MANILA – International newswire Reuters won a Pulitzer Prize for International Reporting for their pieces on extrajudicial deaths since President Rodrigo Duterte assumed office in 2016.
Reporters Clare Baldwin, Andrew R.C. Marshall and Manuel Mogato were recognized “for relentless reporting that exposed the brutal killing campaign behind Philippines President Rodrigo Duterte’s war on drugs,” the Pulitzer Prizes announced on its website.
The journalists “demonstrated” how police participated in unlawful killings in the Philippine government’s war on drugs, said Reuters Editor-in-Chief Stephen Adler.
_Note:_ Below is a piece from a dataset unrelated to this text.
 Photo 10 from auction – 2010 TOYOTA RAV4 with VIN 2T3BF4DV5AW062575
“In a year in which many Pulitzers were rightly devoted to US domestic matters, we’re proud at Reuters to shine a light on global issues of profound concern and importance,” Adler said.
Reuters also won a Pulitzer in feature photography for documenting the plight of the Rohingya in Myanmar and Bangladesh.
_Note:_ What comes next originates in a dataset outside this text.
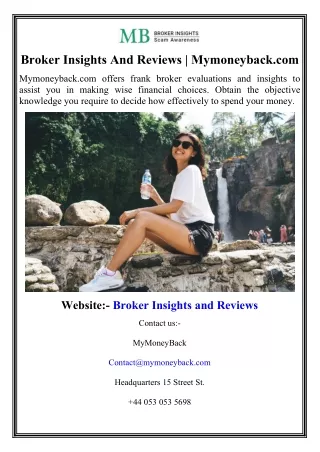 Broker Insights And Reviews  Mymoneyback.com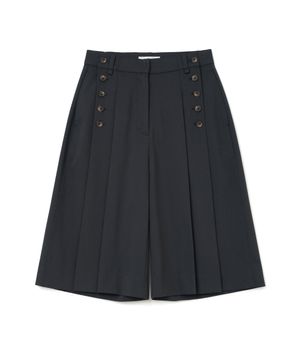 와이드 턱 큐롯 팬츠 [딥 네이비]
This was the first time Reuters won two Pulitzer prizes in a year.
Meanwhile The New York Times and The Washington Post shared the Pulitzer for Public Service for reporting on the culture of sexual harassment in America and the investigation into Russia’s role in the 2016 US elections.
Twelve-time Grammy award-winning rapper Kendrick Lamar also created history as the first rapper to win a Pulitzer for his fourth studio album “DAMN.”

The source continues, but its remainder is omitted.